Estimation of radiative thermal conductivity of glass wool using high precision GHP apparatus

Abstract

In this study, the effective thermal conductivity of glass wool was measured under different temperature and packing ratio conditions using a high-precision guarded hot plate (GHP) apparatus, which adopted a Peltier module. From the measurement results, it was confirmed that the effective thermal conductivity was linearly proportional to the cubic of absolute temperature. Varying the packing ratio, the influence amount of the radiative heat transfer on the effective thermal conductivity varied from 44 to 66% for different packing ratio. The influence of the radiative heat transfer on the effective thermal conductivity decreases with increasing of the packing ratio.
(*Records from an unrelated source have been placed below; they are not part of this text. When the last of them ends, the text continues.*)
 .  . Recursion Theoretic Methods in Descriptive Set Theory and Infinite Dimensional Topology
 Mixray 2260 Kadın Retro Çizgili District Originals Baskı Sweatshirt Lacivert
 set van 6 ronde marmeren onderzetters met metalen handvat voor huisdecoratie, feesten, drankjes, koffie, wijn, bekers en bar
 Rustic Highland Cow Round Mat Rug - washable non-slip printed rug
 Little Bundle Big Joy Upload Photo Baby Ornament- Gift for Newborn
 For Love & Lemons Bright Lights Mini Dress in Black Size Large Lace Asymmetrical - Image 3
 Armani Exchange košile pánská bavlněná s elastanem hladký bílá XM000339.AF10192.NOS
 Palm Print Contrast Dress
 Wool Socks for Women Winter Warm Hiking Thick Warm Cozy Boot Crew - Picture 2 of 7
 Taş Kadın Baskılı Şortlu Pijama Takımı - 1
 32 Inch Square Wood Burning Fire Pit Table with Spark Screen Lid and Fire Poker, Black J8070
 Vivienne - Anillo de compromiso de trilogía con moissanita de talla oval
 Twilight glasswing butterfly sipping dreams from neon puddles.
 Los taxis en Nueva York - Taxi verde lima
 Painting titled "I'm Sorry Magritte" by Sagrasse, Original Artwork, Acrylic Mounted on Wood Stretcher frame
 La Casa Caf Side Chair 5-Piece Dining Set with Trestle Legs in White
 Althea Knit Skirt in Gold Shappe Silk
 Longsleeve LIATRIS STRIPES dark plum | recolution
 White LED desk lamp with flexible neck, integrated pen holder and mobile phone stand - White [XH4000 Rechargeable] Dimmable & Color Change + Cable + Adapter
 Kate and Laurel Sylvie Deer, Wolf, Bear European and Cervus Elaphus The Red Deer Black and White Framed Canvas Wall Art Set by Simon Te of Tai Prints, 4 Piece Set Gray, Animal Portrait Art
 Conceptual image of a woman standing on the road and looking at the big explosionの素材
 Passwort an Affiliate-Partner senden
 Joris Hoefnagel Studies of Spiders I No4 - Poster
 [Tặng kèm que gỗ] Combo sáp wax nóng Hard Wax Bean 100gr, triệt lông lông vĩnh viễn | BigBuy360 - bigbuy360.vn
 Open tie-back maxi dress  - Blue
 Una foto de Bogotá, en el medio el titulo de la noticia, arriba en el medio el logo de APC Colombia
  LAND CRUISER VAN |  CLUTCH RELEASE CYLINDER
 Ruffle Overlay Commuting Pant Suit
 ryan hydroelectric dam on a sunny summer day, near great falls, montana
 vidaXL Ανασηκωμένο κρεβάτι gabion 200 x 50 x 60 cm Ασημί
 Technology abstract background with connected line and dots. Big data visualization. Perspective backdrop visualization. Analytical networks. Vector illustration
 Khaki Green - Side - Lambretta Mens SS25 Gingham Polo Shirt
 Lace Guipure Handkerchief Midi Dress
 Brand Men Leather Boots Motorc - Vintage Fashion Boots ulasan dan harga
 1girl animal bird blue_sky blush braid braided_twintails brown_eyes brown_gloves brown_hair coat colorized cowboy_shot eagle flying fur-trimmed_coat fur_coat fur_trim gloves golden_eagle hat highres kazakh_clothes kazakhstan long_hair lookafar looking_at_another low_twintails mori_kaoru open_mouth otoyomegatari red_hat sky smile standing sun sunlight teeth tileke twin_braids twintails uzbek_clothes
From the variation of the effective thermal conductivity against cubic of the temperature, the Rosseland mean extinction coefficient were evaluated and the equivalent thermal conductivity by the radiation was estimated. The equivalent thermal conductivity by the radiation decreases as increasing of packing ratio of the glass wool and this result could be explained by the increment of the Rossleand mean extinction coefficient. From the comparison between the theoretical and experimental results of the equivalent thermal conductivity by radiation, a correction value that depends on the packing ratio is required. Furthermore, we compared the experimental values and the calculated values by Kunii's formula for the thermal conductivity of the glass wool with different packing ratio and it was confirmed that the quantitative evaluation of the equivalent thermal conductivity by the radiation is important for estimating the total effective thermal conductivity of the glass wool.